* [THE PROBLEM] Reproduce exactly the span of lines beginning at the one with "Three small containers" and ending at the last line of the data below, omitting pictures.

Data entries
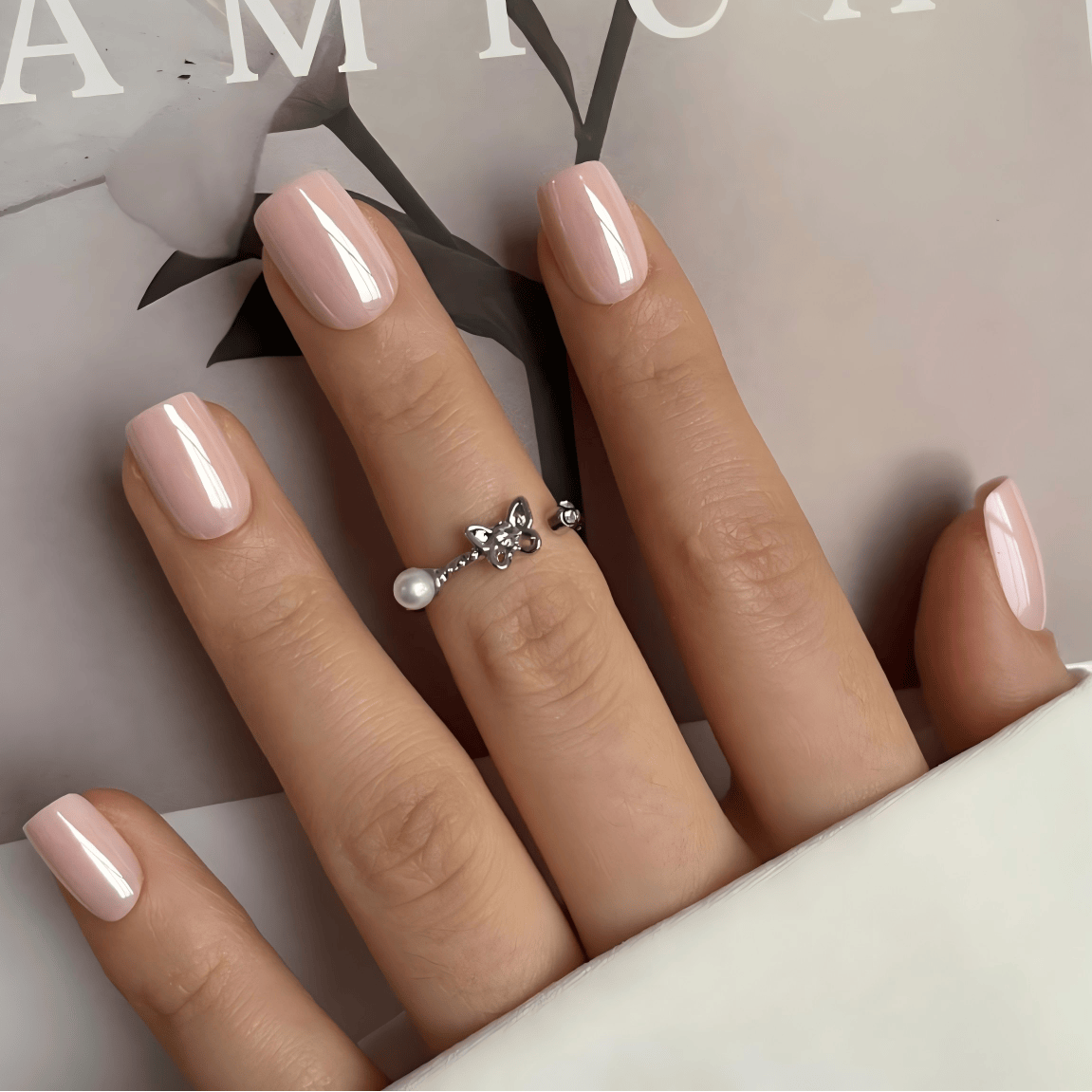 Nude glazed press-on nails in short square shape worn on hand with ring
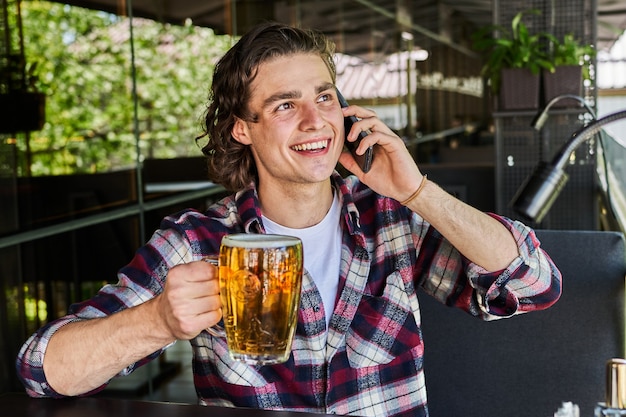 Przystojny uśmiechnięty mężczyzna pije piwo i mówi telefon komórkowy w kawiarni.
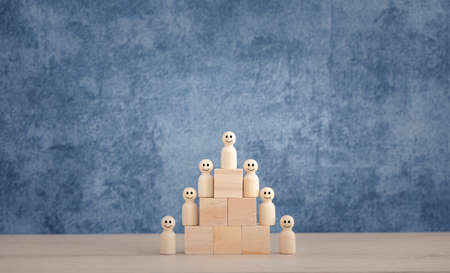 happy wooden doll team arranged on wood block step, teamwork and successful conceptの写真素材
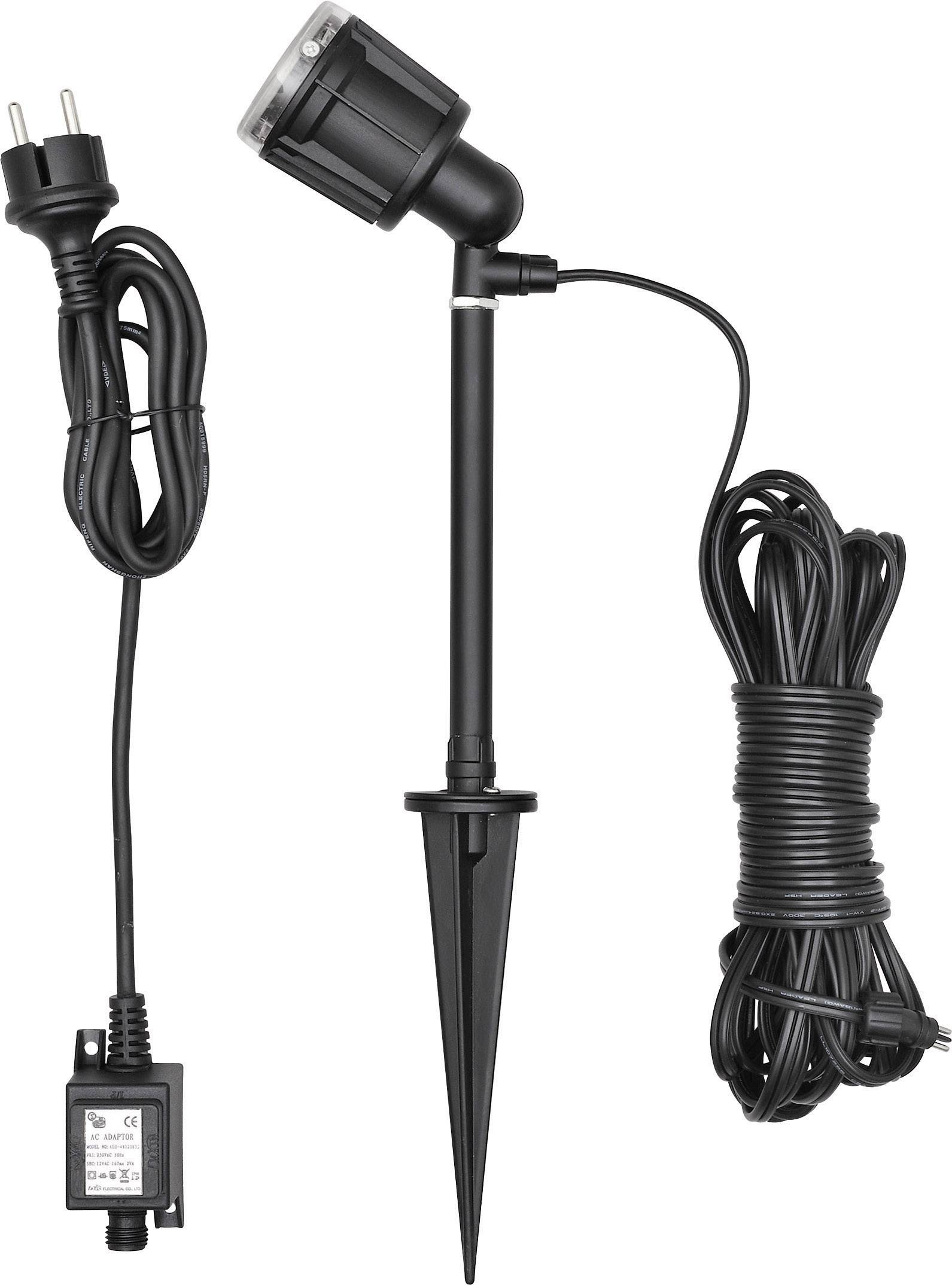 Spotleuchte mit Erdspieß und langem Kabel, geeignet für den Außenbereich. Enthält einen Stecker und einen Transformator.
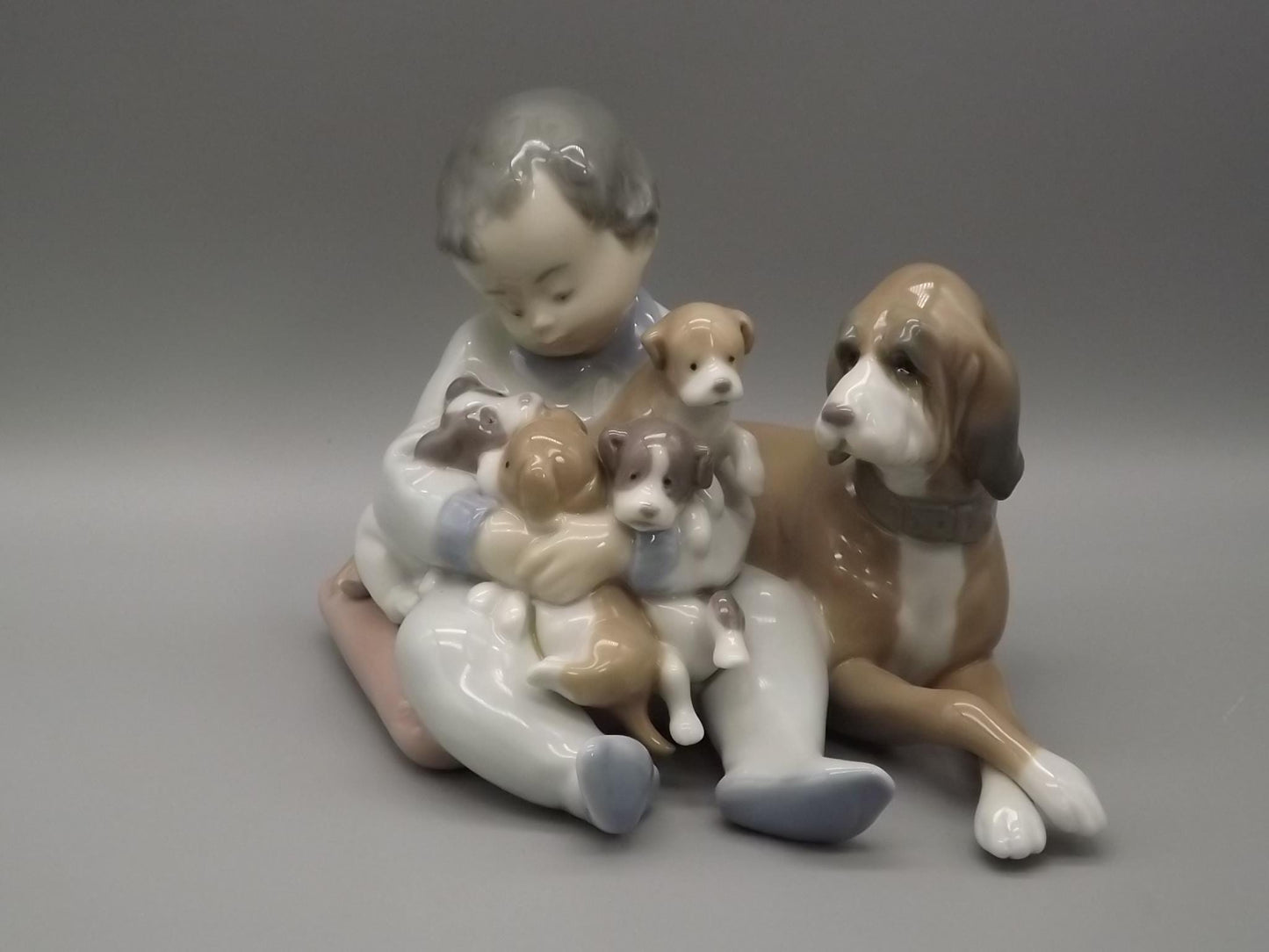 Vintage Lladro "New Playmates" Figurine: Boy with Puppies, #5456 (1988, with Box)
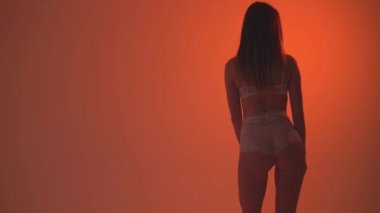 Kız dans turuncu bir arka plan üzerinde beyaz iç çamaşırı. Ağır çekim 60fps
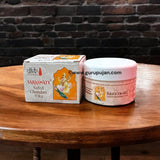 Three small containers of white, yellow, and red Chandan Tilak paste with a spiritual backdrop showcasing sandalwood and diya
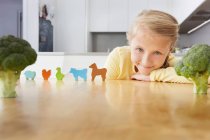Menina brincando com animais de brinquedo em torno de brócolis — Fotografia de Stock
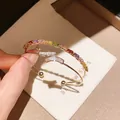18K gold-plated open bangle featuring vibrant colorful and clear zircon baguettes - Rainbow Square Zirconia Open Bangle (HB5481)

* [REPLY]
 Three small containers of white, yellow, and red Chandan Tilak paste with a spiritual backdrop showcasing sandalwood and diya
Menina brincando com animais de brinquedo em torno de brócolis — Fotografia de Stock
18K gold-plated open bangle featuring vibrant colorful and clear zircon baguettes - Rainbow Square Zirconia Open Bangle (HB5481)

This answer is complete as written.